CONNEABS - UMA CONSTELAÇÃO DE THINK TANKS A SERVIÇO DA CAUSA DA IGUALDADE

Este ano, o Consórcio Nacional de Núcleos de Estudos Afro-Brasileiros completará 14 anos de existência desde a sua fundação no III Congresso Brasileiro de Pesquisadores Negros - III COPENE, realizado em São Luis do Maranhão, sob a presidência do imortal Carlos Benedito Rodrigues, o Carlão, coordenador do Núcleo de Estudo Afro-Brasileiros da Universidade Federal do Maranhão. Entretanto, 2004, não guarda toda a história desta peculiar instituição acadêmica. Seu passado é muito mais antigo. Nos remete a uma mudança significativa trazida por Arthur Ramos, Gilberto Freyre, Mario de Andrade,  entre outros,  a percepção das relações raciais no Brasil, de uma percepção negativa (Silvio Romero " O negro será sempre símbolo da nossa inferioridade enquanto povo."), para uma abordagem positiva. Como mencionou Freyre em seu prefácio de Casa Grande e Senzala (1933), o problema do Brasil não é a raça, mas a herança da escravidão, monocultura e latifúndio. Das páginas desses pesquisadores emergiu um novo país, uma nova civilização, forjada pela ação positiva das três raças fundadoras. O problema, portanto era determinar a extensão da ação cultural dos africanos na formação do povo brasileiro, essa é  raiz do termo afro-brasileiro e tônica dos primeiros congressos de estudos afro-brasileiros tão criticados por Abdias do Nascimento.

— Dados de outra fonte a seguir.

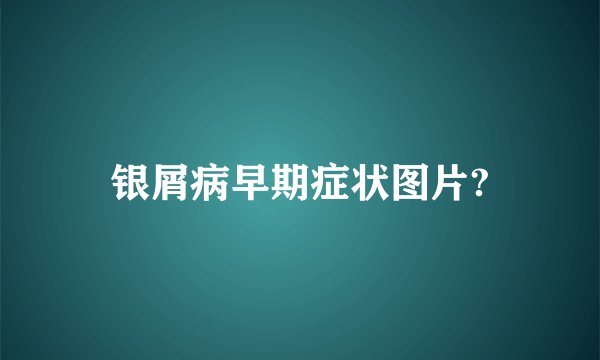 银屑病早期症状图片?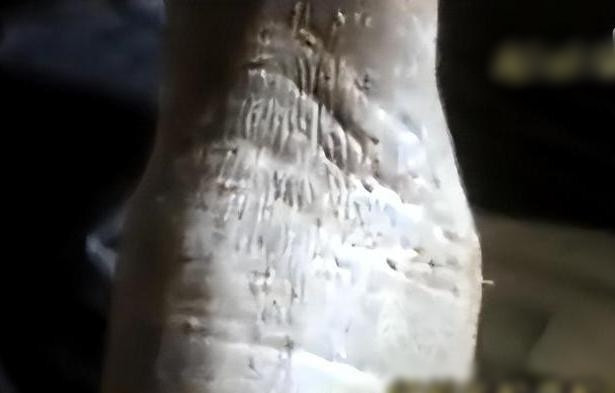 Trong khi làng đang xôn xao về "lời nguyền", một bác sĩ Trung y họ Phó từ thành phố xa nghe tin và quyết định đến thăm khám cho ông Hàn. Qua kiểm tra, bác sĩ phát hiện ông Hàn không chỉ bị mắc bệnh phong thấp do lao động quá sức, mà còn bị nhiễm trùng do ăn sống gan rắn, chứa nhiều vi khuẩn và tác nhân gây bệnh. Điều này đã gây ra căn bệnh da liễu nghiêm trọng mà ông đang mắc phải.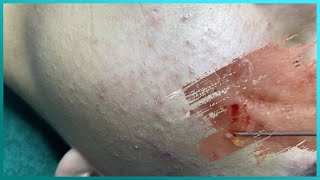 Big Cystic Acne Blackheads Extraction Blackheads amp Milia Whiteheads Removal Pimple Popping [upl. by Felton]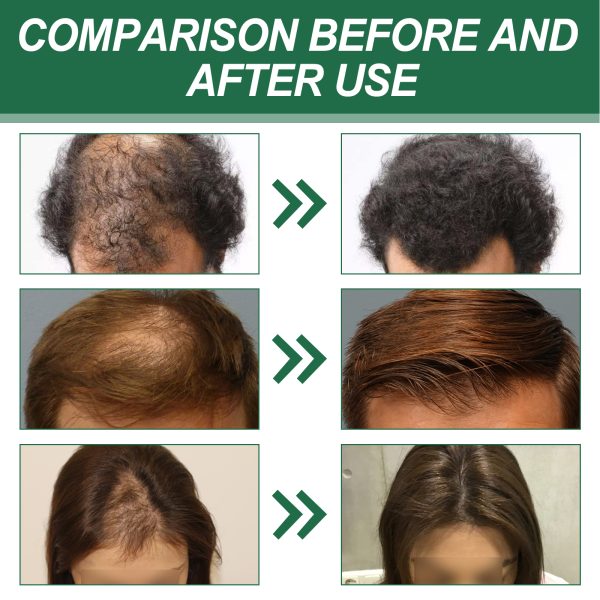 East Moon Spray Hair Strengthening 100ml - product photo 4
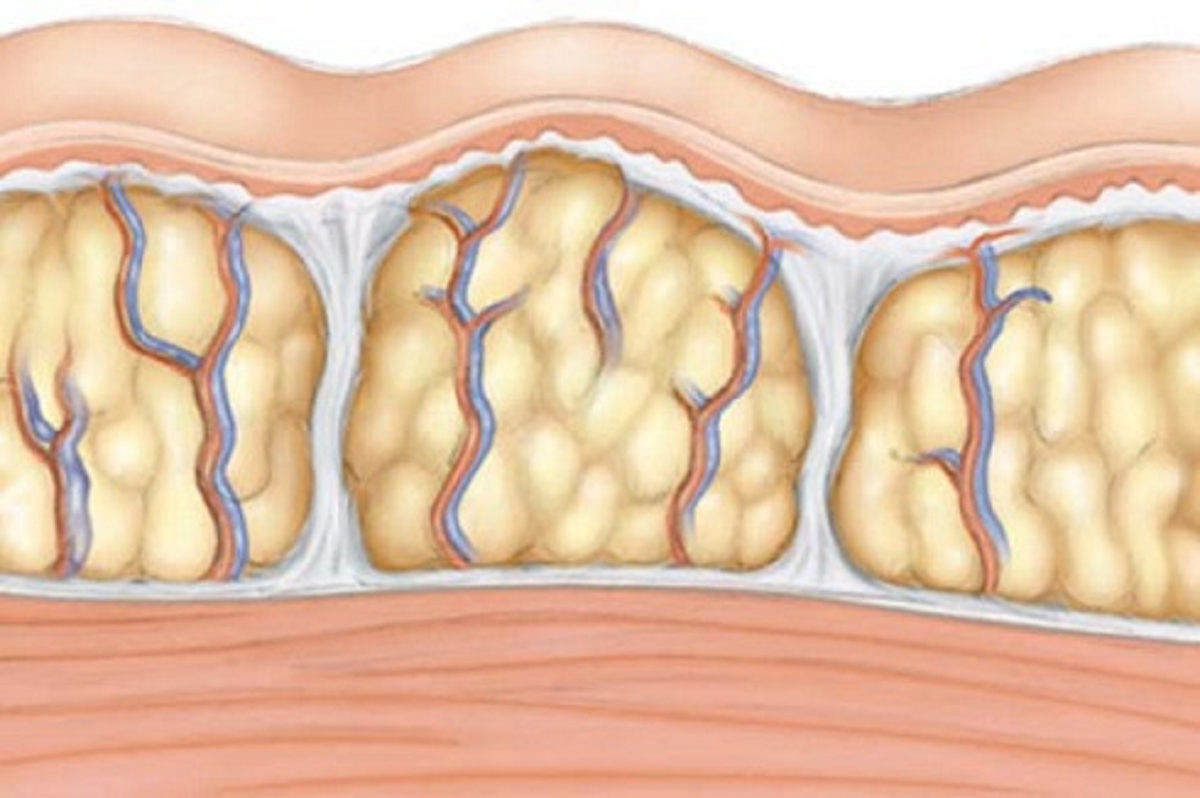 Инфильтрация жировой клетчатки. Целлюлит подкожный жир. Жировая прослойка под кожей.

Nos anos 1970, a descoberta da África por conta da repercussão das lutas por independência das ex-colônias portuguesas, uma mudança significativa na política exterior brasileira , sob a presidência do General Ernesto Geisel (1974-1979), em uma perspectiva mais autônoma em relação ao Estados Unidos e demais potências ocidentais, a reorganização do Movimento Negro, que abraça o pan-africanismo como uma narrativa contra-hegemônica ao mito da democracia racial brasileira, fez expandir entre nós os centros de estudos africanos, nosso reconhecimento a Mario Maestri, José Maria Nunes Pereira, Kabengele Munanga, Carlos Serrano , e muitos outros, pioneiros deste campo.

Contudo, o movimento que hoje participamos e somos protagonismos é um desdobramento de uma das ações de maior visibilidade do campo antirracista do Brasil, a Marcha dos 300 Anos da Imortalidade de Zumbi dos Palmares de 1995, cujo o principal resultado é o reconhecimento por parte do Estado brasileiro da natureza racista das relações sociais em nosso país e da necessidade de efetivação de medidas para supera-las. Ato contínuo, Fernando Henrique Cardos, então presidente da República, criou o Grupo de Trabalho Interministerial para o Desenvolvimento da População Negra e, em 1996, o Seminário Internacional Multiculturalismo e Política da Ações Afirmativas no Brasil. entre inúmeros interlocutores, que incluía Arnaldo Jabor, estavam acadêmicos negros de diferentes partes do país. Das nossas reuniões nasceu a Articulação Nacional de Núcleos de Estudos Afro-Brasileiros, nosso primeiro encontro em 2000, tendo como cicerone o Centro de Estudo Afro-Orientais da Universidade Federal da Bahia, sob coordenação do professor Ubiratan de Araújo, o saudoso Bira Gordo e apoio da Fundação Cultural Palmares, sob presidência do Professor Carlos Moura. Lembremos que no final do Governo FHC, o Ministério da Educação era o centro da resistência institucional a proposta do próprio Governo de adoção de ações afirmativas no acesso ao ensino de graduação nas instituições federais de educação superior. Paulo Renato, ministro de triste memória, propôs com apoio do Banco Interamericano de Desenvolvimento (o BIRD), o financiamento de cursinhos pré-vestibulares, por meio do Programa Diversidade na Universidade. Com o apoio de Jeruse Romão, então assessora do Ministério, novamente fomos chamados a participar, e organizou-se o II Encontro de Núcleos de Estudos Afro-Brasileiros. É este grupo de pesquisadores de NEABS que dará origem ao Comitê Técnico Nacional para Assuntos Relacionados a Educação dos Afro-Brasileiros (CADARA/MEC), a partir de 2003, tendo como interlocutores governamentais, Eliane Cavalleiro, Andréa Lisboa, Valter Silverio e Déborah Silva Santos.
O Consórcio propriamente dito surgiu de uma reunião de trabalho organizado pelo NEAB da Universidade Federal de São Carlos e Ação Educativa, presidida por Petronilha Beatriz Gonçalves e Silva, no sentido de elaborar estratégias para implementação da Diretrizes Nacionais para Educação das Relações Etnico-Raciais e Ensino de História e Cultura Afro-Brasileira e Africana, elaborada pela Professoras e conselheiras  Petronilha Beatriz, Chiquinha Novaltino, Jamil Murad,  aprovada pelo Pleno do Conselho Nacional de Educação , ainda em 2003. Assim 2014, não foi o início, mas o ponto de chegada de uma história que envolveu muitos indivíduos e instituições e que demarca o campo de atuação dos neabs no ponto de encontro entre governos, universidades e sociedade civil.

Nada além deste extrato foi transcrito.